§ **How to complete this task**:
Set down, exactly, every line from the top of the listing through the one holding "House of Harlow".

───── Data for this exercise

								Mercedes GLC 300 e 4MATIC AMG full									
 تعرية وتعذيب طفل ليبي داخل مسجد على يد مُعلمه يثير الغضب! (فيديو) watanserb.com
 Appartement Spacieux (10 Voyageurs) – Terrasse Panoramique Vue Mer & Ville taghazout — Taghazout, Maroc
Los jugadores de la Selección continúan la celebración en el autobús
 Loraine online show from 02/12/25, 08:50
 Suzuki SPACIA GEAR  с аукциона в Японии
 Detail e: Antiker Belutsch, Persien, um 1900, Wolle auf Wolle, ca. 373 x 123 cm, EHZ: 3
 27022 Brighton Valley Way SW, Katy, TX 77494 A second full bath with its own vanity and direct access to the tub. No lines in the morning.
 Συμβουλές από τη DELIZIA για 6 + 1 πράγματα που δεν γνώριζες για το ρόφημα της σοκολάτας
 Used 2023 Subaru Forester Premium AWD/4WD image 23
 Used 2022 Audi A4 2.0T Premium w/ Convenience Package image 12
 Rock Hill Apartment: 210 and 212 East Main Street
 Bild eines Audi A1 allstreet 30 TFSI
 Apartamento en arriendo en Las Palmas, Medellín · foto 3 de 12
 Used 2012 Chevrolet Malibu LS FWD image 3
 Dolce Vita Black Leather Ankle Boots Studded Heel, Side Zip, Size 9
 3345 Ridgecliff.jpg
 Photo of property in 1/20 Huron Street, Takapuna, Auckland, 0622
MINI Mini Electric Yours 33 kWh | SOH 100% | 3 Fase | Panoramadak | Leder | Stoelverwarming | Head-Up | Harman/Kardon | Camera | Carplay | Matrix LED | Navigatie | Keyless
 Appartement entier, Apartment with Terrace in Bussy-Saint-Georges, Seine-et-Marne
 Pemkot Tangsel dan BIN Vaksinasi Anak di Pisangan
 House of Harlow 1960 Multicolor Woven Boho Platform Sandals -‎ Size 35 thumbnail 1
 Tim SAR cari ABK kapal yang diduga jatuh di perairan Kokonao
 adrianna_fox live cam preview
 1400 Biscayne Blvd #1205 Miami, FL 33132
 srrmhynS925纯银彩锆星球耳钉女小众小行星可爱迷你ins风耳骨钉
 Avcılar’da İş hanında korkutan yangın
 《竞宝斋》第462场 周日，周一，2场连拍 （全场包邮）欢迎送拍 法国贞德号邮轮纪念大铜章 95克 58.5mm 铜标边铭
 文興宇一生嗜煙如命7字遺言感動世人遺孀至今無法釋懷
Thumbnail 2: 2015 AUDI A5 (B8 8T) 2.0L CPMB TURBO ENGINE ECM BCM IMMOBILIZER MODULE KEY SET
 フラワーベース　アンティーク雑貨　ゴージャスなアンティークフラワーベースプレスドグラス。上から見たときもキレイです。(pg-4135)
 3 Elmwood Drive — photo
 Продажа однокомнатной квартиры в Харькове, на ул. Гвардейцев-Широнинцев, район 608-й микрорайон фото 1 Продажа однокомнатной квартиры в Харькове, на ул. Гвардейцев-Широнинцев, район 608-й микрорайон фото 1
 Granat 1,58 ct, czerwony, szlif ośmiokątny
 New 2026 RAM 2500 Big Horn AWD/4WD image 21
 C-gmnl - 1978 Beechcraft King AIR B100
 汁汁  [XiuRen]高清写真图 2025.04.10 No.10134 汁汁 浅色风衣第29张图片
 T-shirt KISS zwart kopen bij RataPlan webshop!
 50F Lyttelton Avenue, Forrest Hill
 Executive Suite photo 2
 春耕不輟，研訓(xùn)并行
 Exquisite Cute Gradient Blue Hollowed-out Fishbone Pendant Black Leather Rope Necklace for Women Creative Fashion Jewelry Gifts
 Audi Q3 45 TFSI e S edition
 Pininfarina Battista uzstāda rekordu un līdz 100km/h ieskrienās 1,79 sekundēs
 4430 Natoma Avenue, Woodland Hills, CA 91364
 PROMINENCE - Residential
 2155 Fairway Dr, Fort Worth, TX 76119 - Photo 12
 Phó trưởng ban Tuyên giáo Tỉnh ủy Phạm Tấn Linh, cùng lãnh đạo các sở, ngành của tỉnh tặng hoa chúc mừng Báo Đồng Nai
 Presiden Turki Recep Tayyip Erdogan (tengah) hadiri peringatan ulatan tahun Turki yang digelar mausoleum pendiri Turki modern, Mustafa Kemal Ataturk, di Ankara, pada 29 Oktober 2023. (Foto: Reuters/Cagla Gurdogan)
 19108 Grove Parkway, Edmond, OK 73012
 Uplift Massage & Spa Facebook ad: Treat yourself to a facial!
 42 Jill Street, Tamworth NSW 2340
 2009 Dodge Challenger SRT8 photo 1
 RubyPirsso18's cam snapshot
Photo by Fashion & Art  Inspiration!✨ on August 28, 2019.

──────────

§ **Response below**:
								Mercedes GLC 300 e 4MATIC AMG full									
 تعرية وتعذيب طفل ليبي داخل مسجد على يد مُعلمه يثير الغضب! (فيديو) watanserb.com
 Appartement Spacieux (10 Voyageurs) – Terrasse Panoramique Vue Mer & Ville taghazout — Taghazout, Maroc
Los jugadores de la Selección continúan la celebración en el autobús
 Loraine online show from 02/12/25, 08:50
 Suzuki SPACIA GEAR  с аукциона в Японии
 Detail e: Antiker Belutsch, Persien, um 1900, Wolle auf Wolle, ca. 373 x 123 cm, EHZ: 3
 27022 Brighton Valley Way SW, Katy, TX 77494 A second full bath with its own vanity and direct access to the tub. No lines in the morning.
 Συμβουλές από τη DELIZIA για 6 + 1 πράγματα που δεν γνώριζες για το ρόφημα της σοκολάτας
 Used 2023 Subaru Forester Premium AWD/4WD image 23
 Used 2022 Audi A4 2.0T Premium w/ Convenience Package image 12
 Rock Hill Apartment: 210 and 212 East Main Street
 Bild eines Audi A1 allstreet 30 TFSI
 Apartamento en arriendo en Las Palmas, Medellín · foto 3 de 12
 Used 2012 Chevrolet Malibu LS FWD image 3
 Dolce Vita Black Leather Ankle Boots Studded Heel, Side Zip, Size 9
 3345 Ridgecliff.jpg
 Photo of property in 1/20 Huron Street, Takapuna, Auckland, 0622
MINI Mini Electric Yours 33 kWh | SOH 100% | 3 Fase | Panoramadak | Leder | Stoelverwarming | Head-Up | Harman/Kardon | Camera | Carplay | Matrix LED | Navigatie | Keyless
 Appartement entier, Apartment with Terrace in Bussy-Saint-Georges, Seine-et-Marne
 Pemkot Tangsel dan BIN Vaksinasi Anak di Pisangan
 House of Harlow 1960 Multicolor Woven Boho Platform Sandals -‎ Size 35 thumbnail 1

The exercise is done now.